*** Dataset entries Section Begins ***

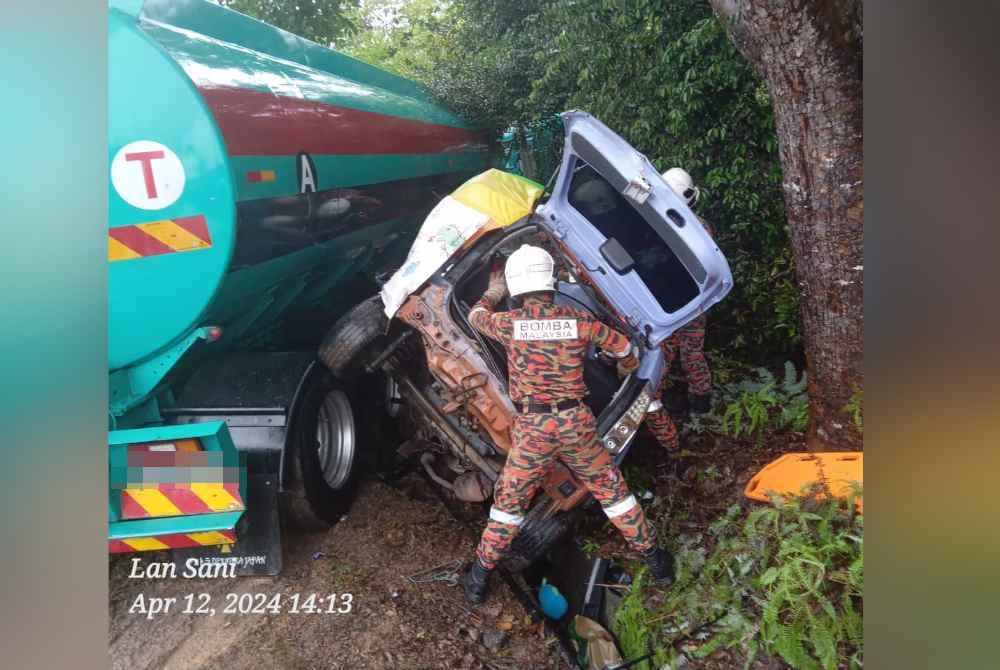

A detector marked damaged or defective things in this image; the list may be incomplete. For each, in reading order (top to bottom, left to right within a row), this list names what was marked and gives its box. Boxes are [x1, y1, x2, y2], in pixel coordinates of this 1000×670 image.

crushed car [316, 113, 732, 568]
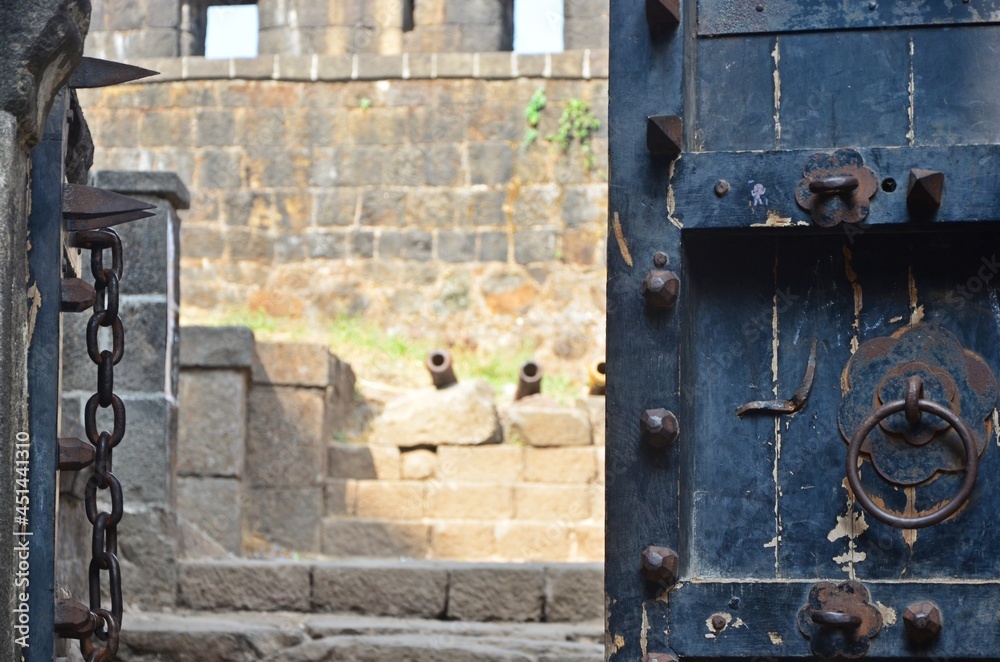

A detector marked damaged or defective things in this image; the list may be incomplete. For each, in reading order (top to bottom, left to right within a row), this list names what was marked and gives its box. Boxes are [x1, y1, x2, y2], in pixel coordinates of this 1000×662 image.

rusty metal spike tip [69, 57, 159, 89]
rusty metal spike tip [62, 184, 157, 220]
peeling paint [668, 157, 684, 230]
peeling paint [608, 210, 632, 268]
rusty metal bolt [640, 272, 680, 310]
rusty cannon barrel [426, 348, 458, 390]
rusty cannon barrel [520, 360, 544, 402]
rusty cannon barrel [588, 360, 604, 396]
rusty chain [73, 230, 126, 662]
rusty metal bolt [640, 408, 680, 448]
rusty metal bolt [640, 548, 680, 588]
rusty metal bolt [904, 600, 940, 644]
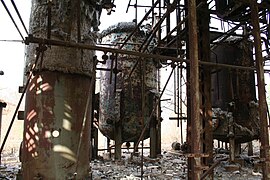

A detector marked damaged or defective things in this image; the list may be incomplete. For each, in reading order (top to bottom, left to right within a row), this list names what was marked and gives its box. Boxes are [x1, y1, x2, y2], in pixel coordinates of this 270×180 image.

*** Dataset entries Section Ends ***

→ **Task instructions**:
Set down exactly the lines between the one with "this 1000×662 image." and the last line of the material above, both included, but none of the pictures.

→ **Exercise answer**:
A detector marked damaged or defective things in this image; the list may be incomplete. For each, in reading order (top to bottom, left to right within a row), this list names what was marked and gives its box. Boxes are [x1, y1, x2, y2], in pixel coordinates of this 1000×662 image.

rusty metal spike tip [69, 57, 159, 89]
rusty metal spike tip [62, 184, 157, 220]
peeling paint [668, 157, 684, 230]
peeling paint [608, 210, 632, 268]
rusty metal bolt [640, 272, 680, 310]
rusty cannon barrel [426, 348, 458, 390]
rusty cannon barrel [520, 360, 544, 402]
rusty cannon barrel [588, 360, 604, 396]
rusty chain [73, 230, 126, 662]
rusty metal bolt [640, 408, 680, 448]
rusty metal bolt [640, 548, 680, 588]
rusty metal bolt [904, 600, 940, 644]

A detector marked damaged or defective things in this image; the list may be incomplete. For each, in reading order (top to bottom, left to right within a row), this list names what was marked and gives its box. Boxes are [x1, y1, x2, y2], in pixel coordinates of this 270×180 image.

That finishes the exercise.